The United States was helping identify possible drug smugglers by giving Peru's military information such as plane tail numbers when the Peruvian air force shot down a small aircraft carrying U.S. missionaries, President Bush said Sunday.

"Our role was top simply to pass on information," Mr. Bush said at a news conference closing out the Summit of the Americas.

On Friday, the Peruvian air force shot down the missionaries' Cessna 185 single-engine plane, which was mistakenly identified as the carrier of illegal drugs.

Baptist missionary Veronica "Roni" Bowers and her 7-month-old adopted daughter, Charity, the pilot wounded. Her husband and son survived.

CBS News Correspondent Lee Cowan reports there are serious questions inside the U.S. government about how such a deadly mistake could happen: How could a private plane carrying 5 Americans missionaries, be shot out of the sky by Peruvian fighter jets, after being identified, even tracked for the Peruvians, by a U.S. government surveillance plane?
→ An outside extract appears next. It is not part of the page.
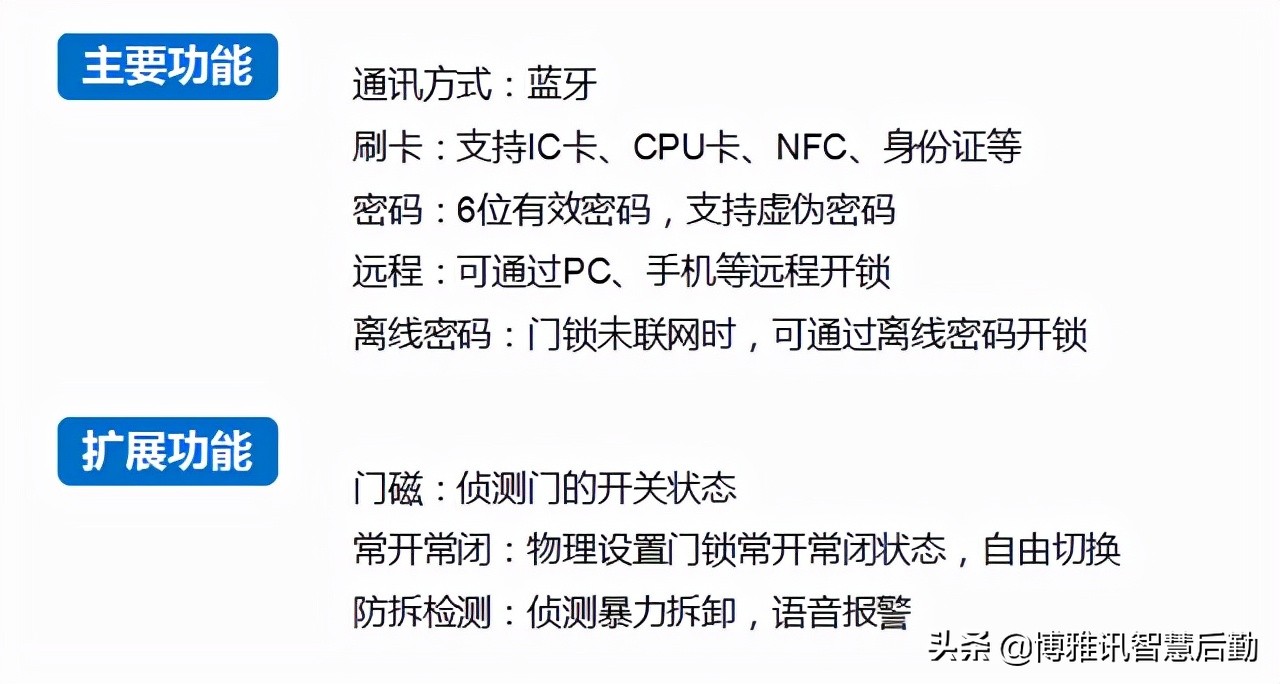 博雅讯智能锁价格,博雅讯智能门锁怎么样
"Our government is involved with helping, and a variety of agencies are involved with helping, our friends in South America identify airplanes that might be carrying illegal drugs," Mr. Bush said. "These operations have been going on for quite a while."

He added that such flights have been suspended "until we get to the bottom of the situation, to fully understand all the facts, to understand what went wrong in this terrible tragedy."

A U.S. surveillance plane was tracking the missionaries' plane before it was shot down and had been in communication with the Peruvian air force, American officials have said.

"Our role was to, like in other missions, was to provide information as to tail numbers," Mr. Bush said. "Our role is to help identify planes that fail to file flight plans."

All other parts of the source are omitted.